Au poste de vice-président de la Confédération, les Chambres ont élu le libéral-radical bernois Johann Schneider-Ammann, ministre de l’Economie.

Avec l’esprit conciliant qui la caractérise, la nouvelle élue avait cherché à minimiser le «coup bas» infligé à son parti et à revaloriser l’importance de son département. «Je nourris un grand sens de la justice, et ce poste me permettra de m’occuper des droits des plus faibles et de ceux qui ont le plus besoin de protection», avait déclaré Simonetta Sommaruga, en citant les minorités, les femmes victimes de discriminations ou de violences, les enfants de couples divorcés, les requérants d’asile, les victimes de la traite d’êtres humains.

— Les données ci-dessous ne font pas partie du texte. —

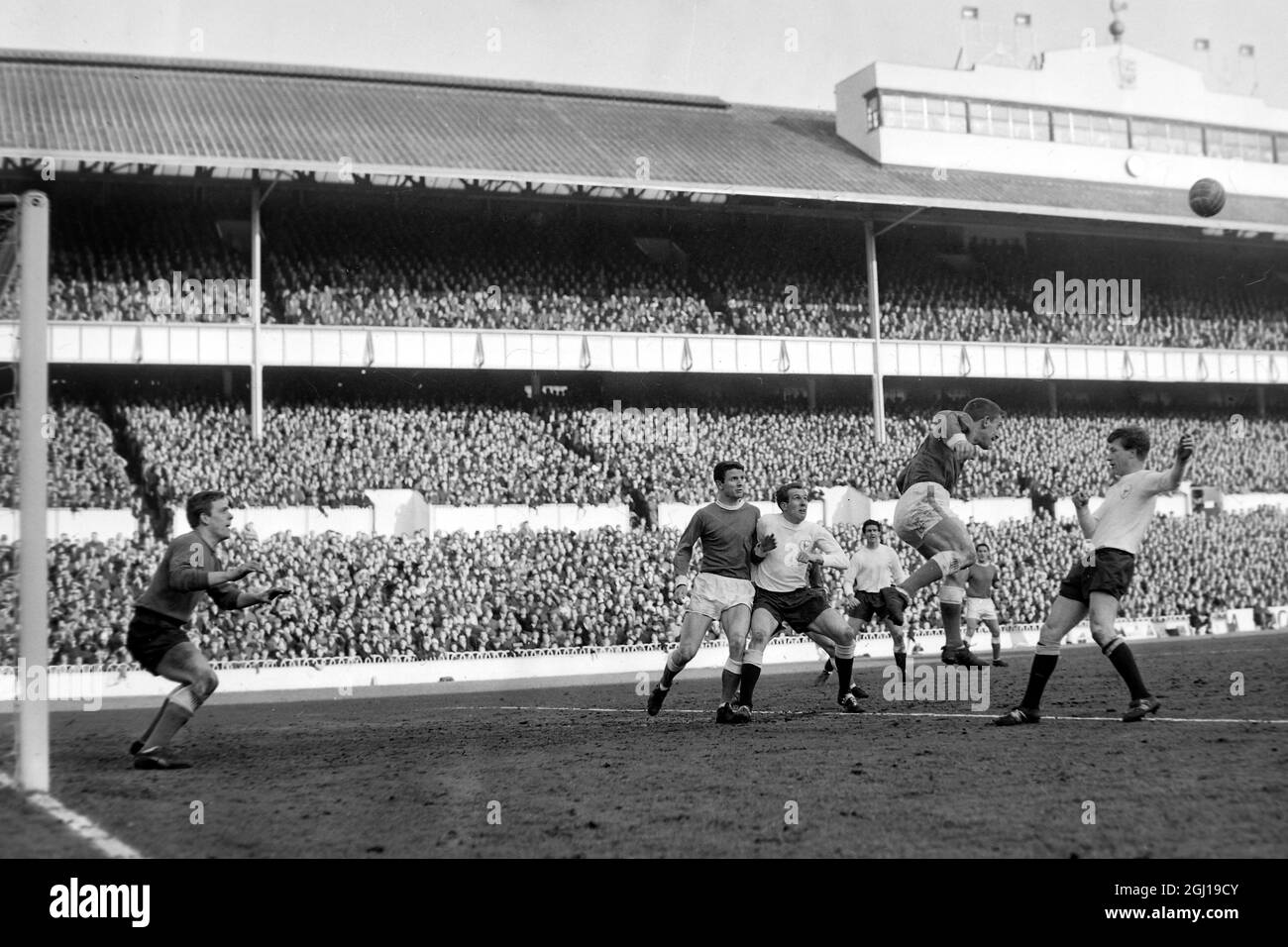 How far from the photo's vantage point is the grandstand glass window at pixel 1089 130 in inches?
1866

Dans ce contexte, la ministre de Justice et Police a ouvert de nombreux chantiers depuis son entrée à l’exécutif, en lançant une longue série de propositions, de projets de loi et de tables rondes. Encore la semaine dernière, elle a réussi à convaincre le gouvernement de soutenir un projet de loi qui prévoit l’introduction d’un quota minimum de 30% de femmes dans les conseils d’administration des entreprises suisses cotées en bourse. Et un autre projet qui permettrait aux concubins et aux homosexuels d’adopter les enfants de leur partenaire.

Présidence de la Confédération

Le président ou la présidente de la Confédération est élu(e) pour une durée d’un an (du 1er janvier au 31 décembre).

L’élection est faite par l’Assemblée fédérale (Chambre haute et Chambre basse réunies).

Les sept membres du gouvernement deviennent à tour de rôle président de la Confédération. Le poste de président est uniquement honorifique et protocolaire. Celui qui le détient n’a pas plus de pouvoir que les autres membres du gouvernement. Le président n’est donc qu’un primus inter pares.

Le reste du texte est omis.